People love to attribute all kinds of habits, qualities and vices to the RGS and its student-and-parent body! Of course it’s a highly aspirational school, high-achieving and ambitious. As a school we have very high expectations of our students: parents too hope for a great deal from their children. And in that climate boys and girls thrive.

But we’re in no sense a hothouse. There’s a difference between expecting a lot (which we do between us) and requiring it at any cost: neither school nor parents are putting pressure on children in that way. Nor do I believe that everything our boys and girls do or achieve is regarded as another notch on their cv in preparation for adulthood.

Neither parents nor school get everything right all the time, of course: that would be too much to ask. Occasionally we have to warn a parent that perhaps they are expecting too much of their child: similarly parents will sometimes warn us to back off when their child is finding it a bit much.

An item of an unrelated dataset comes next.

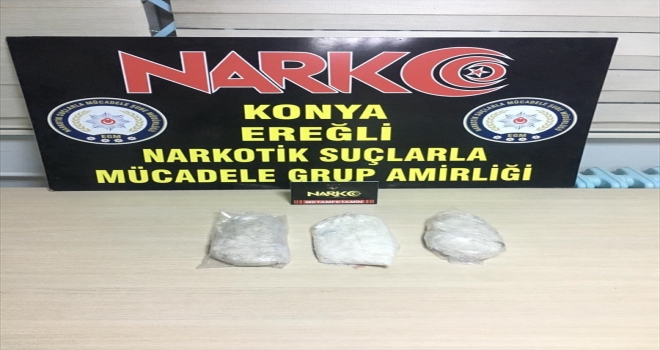Konya'da su arıtma cihazında uyuşturucu ele geçirildi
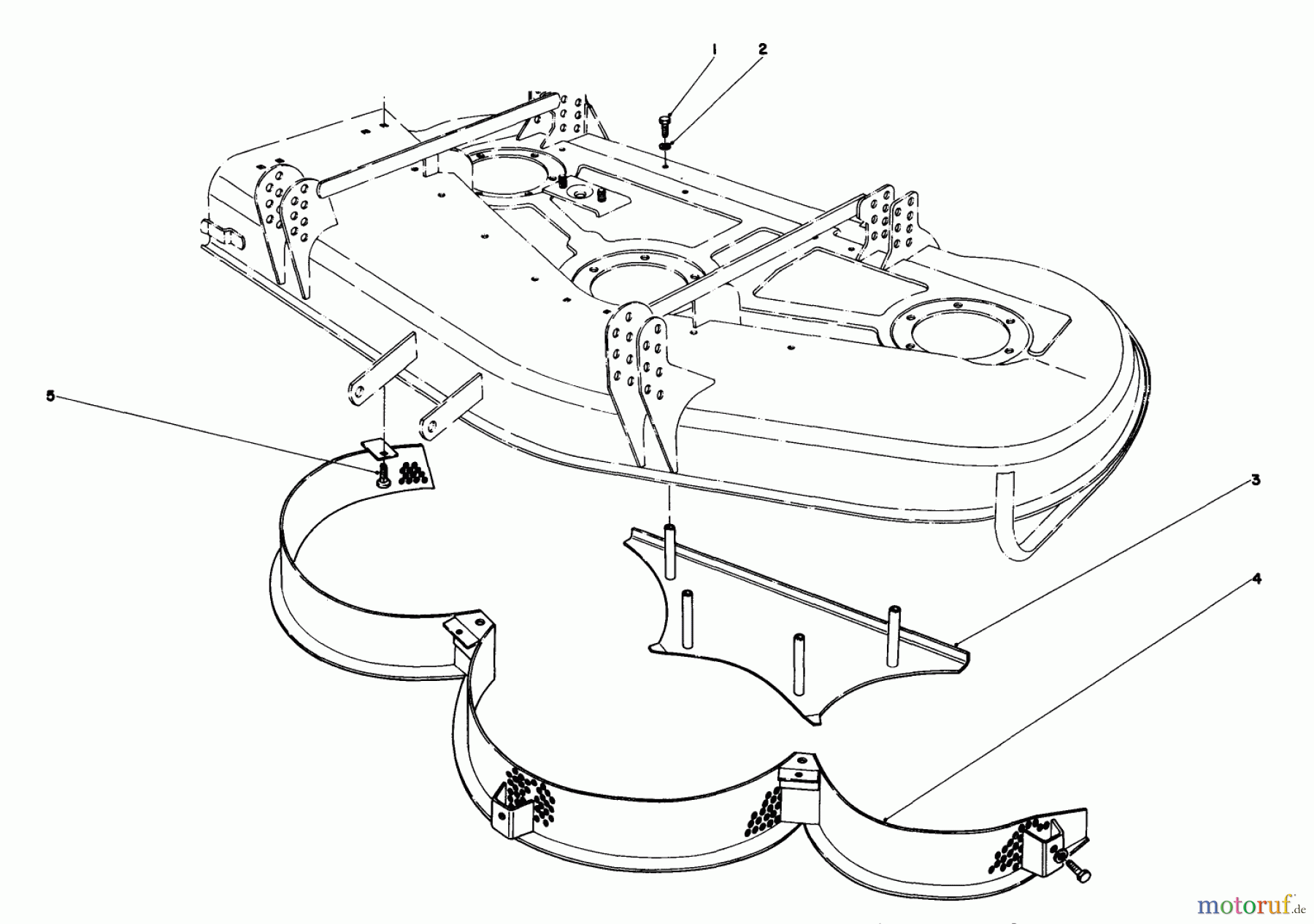  Toro Neu Mowers, Deck Assembly Only 30555 (200) - Toro 52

But that’s about partnership, and balancing high expectation with a proper measure of humanity. My colleagues and I have on occasions expressed concern that boys and girls are signing up for some of our fantastic programme of adventurous activity and expeditions, such as Duke of Edinburgh and World Challenge, not out of a great ambition to challenge themselves physically, but because it will look good on their university application.

Where we suspect that less-than-worthy motive, we try to dissuade them, because this should be about education, not filling out forms: and the wonderful experiences that children are offered at the RGS, and which they invariably seize with both hands, are about enriching life, not impressing future employers (or even universities).

So our boys and girls have a wonderful time in sport, drama, music, debating – all those wonderful things we do (which I seem to list endlessly – sorry!). And we are in no doubt that the experiences gained there help them in achieving the hard-edged results that they need to achieve their lofty goals. I like to think it’s still done in a spirit of education, of exploring, facing challenge and having fun doing it.

None of this is easy to prove: but I think one demonstration lies in the fact that our students, their parents and even their teachers are still surprised and delighted by what they achieve far more than they are merely satisfied or even disappointed. They really do grab the opportunities offered and find that they can metaphorically fly. While the sense of adventure is there, I think we are managing to avoid the trap of merely building cvs.

I can’t believe it’s so different in the south. I don’t want to believe it, at any rate. I like parents! And, having been one myself, I understand the anxieties, the fears and the hopes they suffer – including that all pervading terror that they might just be completely messing it up for their kid!

In the event we parents muddle through, by and large, and simply do the best we can. And, in the case of independent schools, make a huge financial investment in that hope and that muddling through.

I think parents deserve better treatment, in truth, than being pilloried by independent school heads. But what do I know? It’s a whole new world down there!